Already, it had been a grueling trip and we were ready to have fun, except, my body was already not coping very well with the heat and humidity. So, we all pitched in and placed the bamboo poles upright in the oar locks and draped our old army blanket atop the bamboo poles and wrapped twine around the four corners of the blanket where it covered each pole. The old army blanket sagged but provided us at least some shade, and, also absorbed some additional heat. ! I feel like we looked like something out Huck Finn or Robinson Crusoe tales, except we have an old tattered and worn army green blanket and they probably had palms from local trees. Geesh, I surely wish we had had cell phones with cameras back in those days. This really would have been a popular funny picture on Instagram or Facebook!
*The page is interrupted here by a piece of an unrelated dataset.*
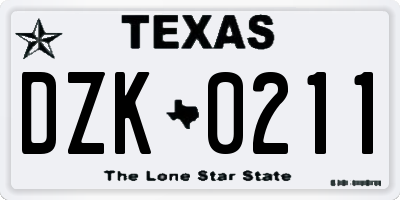 TX license plate DZK0211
Everybody was finally winding down (except me). Georgeanne, Jim and Bob decided it was time to lay back and take a nap after all of the activities involved in getting us there and afloat in the water. Periodically I would shake one of the more seasoned sailor’s and ask them if they thought we were drifting too far from shore. Repeatedly, they told me, don’t be ridiculous and just to sit back and relax. After about an hour of tapping shoulders and asking how far out we were, they all sat up and decided to take me seriously. Low and behold, our boat had drifted out into the channel. It was then that they decided they should start the motor and take us back closer to shore. Well, the outboard engine that worked when tested in the 33-gallon trashcan, didn’t even sputter when the guys tried to start it. Here we were, the temp was nearly 101°, we had drifted into the channel of the Chesapeake Bay, we had no paddles, no oars, and only tableware. Just about this time, we see a very expensive speed boat with other young people headed our way. We all tried to signal them, but I think they gave us and our rig one look and decided we were probably a bunch of druggies that they wanted nothing to do with. Next, came an elderly couple in a small dingy just cruising slowly around the bay, and they too, paid us no never mind. So now what were we to do?
Well, our only other choice for the moment was to take out the dinner plates and use them as paddles. All of us got busy paddling, but we were making little headway. Petite Georgeanne, then decides that she’s the best swimmer. She ties about a six foot rope made of hemp to her waist, leaps from the seat of the boat and starts swimming off the front bow, tugging us and the boat as she goes. The guys found this just too embarrassing. Jim, being the next biggest and muscular guy, wanting to save his fair maiden and friends decides that it’s his turn. Jim, though, instead of diving from the seat of the boat, just jumps in feet first. Much to everyone’s surprise, the water only came up to Jim’s knees. And that’s when we all belly laughed.
The day had been an unfortunate but great adventure, but the hot 2-hour ride home was a very quiet one. When we got to our apartment still no one had said a word. We just all collapsed in beds and sleeping bags in our wonderfully air conditioned apartment. It was month’s after Georgeanne and Jim left before we ever talked. And, none of us was willing to bring up our holiday adventure ever again. The females blamed the males for the outboard motor not working properly. Jim was just downright embarrassed. I was sick and angry that the events of day had gotten so out of hand, especially since I had warned the others. Bob was Bob, and just took it all in stride. It was back to business as usual.